__TASK DETAILS__: Check every line of the data below for "Suede". Copy each one that has it.

┏━━

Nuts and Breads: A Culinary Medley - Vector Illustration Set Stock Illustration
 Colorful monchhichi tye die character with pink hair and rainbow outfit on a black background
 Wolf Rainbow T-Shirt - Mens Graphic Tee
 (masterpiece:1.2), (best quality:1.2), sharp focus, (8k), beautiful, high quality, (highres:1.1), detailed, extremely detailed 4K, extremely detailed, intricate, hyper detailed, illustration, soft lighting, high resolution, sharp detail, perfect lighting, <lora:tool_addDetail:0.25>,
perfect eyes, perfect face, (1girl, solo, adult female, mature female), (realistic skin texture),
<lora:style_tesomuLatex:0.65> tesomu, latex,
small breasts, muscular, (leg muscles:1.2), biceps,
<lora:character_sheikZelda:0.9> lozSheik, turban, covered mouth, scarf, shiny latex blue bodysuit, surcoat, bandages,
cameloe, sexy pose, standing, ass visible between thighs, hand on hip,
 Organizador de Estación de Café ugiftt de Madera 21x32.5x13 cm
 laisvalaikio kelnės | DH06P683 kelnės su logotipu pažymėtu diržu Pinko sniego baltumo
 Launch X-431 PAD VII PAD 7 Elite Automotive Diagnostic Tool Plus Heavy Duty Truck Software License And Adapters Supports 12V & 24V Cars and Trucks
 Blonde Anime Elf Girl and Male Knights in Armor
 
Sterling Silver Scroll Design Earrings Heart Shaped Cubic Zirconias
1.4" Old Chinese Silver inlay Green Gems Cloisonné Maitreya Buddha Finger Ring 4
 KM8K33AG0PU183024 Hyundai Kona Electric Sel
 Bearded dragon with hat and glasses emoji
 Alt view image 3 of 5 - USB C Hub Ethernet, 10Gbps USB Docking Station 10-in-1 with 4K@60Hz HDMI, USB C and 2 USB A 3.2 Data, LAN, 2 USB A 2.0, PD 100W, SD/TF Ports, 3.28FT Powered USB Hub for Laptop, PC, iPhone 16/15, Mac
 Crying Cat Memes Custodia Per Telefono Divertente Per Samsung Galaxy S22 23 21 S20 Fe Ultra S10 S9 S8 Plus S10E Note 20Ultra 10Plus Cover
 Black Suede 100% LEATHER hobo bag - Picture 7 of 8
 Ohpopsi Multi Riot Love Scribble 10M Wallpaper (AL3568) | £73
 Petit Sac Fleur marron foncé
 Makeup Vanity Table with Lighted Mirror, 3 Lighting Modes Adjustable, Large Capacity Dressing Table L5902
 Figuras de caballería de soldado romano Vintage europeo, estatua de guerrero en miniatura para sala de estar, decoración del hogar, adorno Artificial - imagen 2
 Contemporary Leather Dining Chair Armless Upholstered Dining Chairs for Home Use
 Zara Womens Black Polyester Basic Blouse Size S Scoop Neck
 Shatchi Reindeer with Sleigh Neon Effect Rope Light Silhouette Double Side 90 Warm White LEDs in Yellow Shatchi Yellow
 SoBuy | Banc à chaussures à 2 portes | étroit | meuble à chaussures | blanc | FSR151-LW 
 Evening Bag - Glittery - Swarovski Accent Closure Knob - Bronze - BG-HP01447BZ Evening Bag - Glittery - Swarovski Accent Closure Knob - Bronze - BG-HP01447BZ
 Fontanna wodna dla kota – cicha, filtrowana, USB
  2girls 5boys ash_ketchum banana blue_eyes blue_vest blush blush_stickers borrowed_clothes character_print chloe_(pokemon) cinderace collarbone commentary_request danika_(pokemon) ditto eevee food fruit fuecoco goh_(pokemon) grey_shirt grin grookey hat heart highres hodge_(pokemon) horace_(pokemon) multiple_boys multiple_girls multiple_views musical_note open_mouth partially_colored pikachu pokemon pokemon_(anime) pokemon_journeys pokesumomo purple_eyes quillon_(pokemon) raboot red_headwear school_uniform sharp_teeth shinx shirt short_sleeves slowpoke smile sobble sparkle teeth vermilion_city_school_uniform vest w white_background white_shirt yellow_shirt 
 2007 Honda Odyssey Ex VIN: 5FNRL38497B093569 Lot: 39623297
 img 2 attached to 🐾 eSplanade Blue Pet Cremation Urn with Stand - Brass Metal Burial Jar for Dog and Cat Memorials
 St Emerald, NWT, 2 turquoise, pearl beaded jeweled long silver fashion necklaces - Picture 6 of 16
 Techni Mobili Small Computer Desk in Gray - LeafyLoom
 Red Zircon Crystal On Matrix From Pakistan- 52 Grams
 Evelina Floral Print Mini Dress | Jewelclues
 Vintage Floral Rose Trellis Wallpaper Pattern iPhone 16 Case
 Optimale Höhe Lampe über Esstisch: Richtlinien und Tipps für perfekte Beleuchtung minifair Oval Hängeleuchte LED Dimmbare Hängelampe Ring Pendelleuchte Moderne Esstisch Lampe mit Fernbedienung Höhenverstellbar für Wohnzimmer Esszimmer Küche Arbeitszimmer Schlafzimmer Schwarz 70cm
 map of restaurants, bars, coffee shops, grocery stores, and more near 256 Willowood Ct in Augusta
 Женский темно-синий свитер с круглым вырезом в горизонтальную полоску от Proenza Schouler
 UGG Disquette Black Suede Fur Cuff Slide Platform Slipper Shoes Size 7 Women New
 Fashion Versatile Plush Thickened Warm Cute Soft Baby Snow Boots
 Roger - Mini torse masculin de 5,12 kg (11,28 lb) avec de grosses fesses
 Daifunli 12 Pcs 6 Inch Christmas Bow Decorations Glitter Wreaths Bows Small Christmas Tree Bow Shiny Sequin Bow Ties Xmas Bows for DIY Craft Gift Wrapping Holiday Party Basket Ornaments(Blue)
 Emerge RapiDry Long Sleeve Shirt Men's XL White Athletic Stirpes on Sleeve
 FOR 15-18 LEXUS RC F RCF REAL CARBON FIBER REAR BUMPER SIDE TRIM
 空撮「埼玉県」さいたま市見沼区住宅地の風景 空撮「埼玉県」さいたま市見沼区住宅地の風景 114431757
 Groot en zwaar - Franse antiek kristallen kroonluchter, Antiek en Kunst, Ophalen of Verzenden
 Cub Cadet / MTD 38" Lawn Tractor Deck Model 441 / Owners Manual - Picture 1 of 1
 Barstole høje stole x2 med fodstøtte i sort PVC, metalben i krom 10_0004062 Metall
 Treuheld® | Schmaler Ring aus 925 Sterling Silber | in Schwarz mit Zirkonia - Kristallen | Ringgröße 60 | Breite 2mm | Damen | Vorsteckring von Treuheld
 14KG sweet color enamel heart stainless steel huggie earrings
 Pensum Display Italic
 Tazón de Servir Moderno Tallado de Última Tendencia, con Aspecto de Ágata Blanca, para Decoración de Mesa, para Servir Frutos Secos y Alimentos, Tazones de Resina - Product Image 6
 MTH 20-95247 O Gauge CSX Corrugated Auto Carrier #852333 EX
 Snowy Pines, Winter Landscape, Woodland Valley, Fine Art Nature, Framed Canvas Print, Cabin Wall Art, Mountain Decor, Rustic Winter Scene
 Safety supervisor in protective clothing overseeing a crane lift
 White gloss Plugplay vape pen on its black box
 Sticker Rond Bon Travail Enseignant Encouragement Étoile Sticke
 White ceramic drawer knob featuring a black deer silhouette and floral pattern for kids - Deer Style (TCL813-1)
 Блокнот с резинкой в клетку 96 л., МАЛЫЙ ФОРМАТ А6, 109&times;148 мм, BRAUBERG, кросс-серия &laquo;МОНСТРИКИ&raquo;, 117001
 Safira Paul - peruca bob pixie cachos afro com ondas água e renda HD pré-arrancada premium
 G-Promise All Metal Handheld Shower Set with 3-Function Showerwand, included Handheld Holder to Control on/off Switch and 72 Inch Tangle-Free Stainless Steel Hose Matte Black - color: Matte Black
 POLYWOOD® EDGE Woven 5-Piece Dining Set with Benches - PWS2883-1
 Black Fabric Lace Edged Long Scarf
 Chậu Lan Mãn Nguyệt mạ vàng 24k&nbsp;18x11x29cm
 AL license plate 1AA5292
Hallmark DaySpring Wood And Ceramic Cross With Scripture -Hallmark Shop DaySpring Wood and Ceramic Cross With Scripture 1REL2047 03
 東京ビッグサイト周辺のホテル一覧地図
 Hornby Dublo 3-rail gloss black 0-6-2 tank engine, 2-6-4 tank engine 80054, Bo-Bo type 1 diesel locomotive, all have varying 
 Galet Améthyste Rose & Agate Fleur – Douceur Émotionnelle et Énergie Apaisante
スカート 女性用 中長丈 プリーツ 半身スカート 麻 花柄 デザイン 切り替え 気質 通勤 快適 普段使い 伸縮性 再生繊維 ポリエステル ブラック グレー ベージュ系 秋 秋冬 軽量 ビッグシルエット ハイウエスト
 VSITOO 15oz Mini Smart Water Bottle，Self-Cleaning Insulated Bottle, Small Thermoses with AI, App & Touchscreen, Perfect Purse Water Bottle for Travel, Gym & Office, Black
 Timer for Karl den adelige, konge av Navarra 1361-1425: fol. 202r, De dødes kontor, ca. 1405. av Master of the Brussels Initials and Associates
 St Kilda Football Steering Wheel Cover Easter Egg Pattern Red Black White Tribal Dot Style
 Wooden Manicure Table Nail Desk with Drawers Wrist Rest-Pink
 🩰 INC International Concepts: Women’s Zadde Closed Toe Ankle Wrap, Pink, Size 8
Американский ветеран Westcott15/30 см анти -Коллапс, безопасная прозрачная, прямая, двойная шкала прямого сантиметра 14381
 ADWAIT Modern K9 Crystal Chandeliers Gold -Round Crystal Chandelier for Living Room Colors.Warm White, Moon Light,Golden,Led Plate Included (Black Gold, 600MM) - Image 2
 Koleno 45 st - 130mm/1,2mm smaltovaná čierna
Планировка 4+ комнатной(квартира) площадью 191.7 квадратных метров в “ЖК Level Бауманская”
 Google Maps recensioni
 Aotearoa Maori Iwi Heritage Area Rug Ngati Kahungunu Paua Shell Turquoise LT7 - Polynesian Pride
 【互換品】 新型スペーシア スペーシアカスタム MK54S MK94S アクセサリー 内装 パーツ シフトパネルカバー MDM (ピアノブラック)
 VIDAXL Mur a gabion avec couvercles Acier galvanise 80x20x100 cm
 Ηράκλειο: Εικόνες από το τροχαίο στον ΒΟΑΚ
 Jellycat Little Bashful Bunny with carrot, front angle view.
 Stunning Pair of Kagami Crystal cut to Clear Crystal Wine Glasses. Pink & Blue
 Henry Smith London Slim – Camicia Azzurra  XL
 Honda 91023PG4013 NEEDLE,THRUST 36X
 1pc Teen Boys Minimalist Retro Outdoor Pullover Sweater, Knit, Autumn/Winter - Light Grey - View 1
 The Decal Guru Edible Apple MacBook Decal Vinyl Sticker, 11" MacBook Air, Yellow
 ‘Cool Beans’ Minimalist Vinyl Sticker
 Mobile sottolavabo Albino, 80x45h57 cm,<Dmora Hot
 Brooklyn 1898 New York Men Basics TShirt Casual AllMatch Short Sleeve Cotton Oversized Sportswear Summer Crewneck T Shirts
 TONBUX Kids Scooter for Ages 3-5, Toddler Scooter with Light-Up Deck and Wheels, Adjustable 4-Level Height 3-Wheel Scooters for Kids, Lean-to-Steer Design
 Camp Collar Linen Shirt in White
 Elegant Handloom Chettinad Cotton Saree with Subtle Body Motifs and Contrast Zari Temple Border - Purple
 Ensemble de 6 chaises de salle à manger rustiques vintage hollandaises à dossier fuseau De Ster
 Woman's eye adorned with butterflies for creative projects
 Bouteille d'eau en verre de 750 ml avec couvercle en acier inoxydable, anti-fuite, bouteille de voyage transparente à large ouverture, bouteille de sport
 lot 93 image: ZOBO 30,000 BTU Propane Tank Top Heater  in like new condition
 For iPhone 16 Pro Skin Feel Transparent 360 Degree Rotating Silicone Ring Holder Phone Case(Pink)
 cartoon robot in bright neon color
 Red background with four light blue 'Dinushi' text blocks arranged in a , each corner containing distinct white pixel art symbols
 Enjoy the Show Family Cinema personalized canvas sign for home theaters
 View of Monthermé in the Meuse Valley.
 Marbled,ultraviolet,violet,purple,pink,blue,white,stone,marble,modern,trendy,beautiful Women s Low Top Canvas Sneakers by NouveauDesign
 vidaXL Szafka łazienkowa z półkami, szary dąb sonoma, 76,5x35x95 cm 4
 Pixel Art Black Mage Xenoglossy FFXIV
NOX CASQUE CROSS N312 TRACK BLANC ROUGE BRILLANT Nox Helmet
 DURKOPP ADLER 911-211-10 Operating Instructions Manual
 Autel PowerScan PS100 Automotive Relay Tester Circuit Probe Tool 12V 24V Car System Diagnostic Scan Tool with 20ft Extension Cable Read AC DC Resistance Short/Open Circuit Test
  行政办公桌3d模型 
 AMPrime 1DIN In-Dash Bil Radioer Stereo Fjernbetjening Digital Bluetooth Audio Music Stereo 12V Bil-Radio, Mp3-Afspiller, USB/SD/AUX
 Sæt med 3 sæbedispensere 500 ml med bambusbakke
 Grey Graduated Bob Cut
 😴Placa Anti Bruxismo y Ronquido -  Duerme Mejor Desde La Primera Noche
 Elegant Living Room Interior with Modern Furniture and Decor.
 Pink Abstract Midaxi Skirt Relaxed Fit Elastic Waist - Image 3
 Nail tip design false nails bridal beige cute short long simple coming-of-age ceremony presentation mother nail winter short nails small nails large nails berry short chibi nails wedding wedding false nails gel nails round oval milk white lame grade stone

┗━━

__WRITTEN SOLUTION__:
 Black Suede 100% LEATHER hobo bag - Picture 7 of 8
 UGG Disquette Black Suede Fur Cuff Slide Platform Slipper Shoes Size 7 Women New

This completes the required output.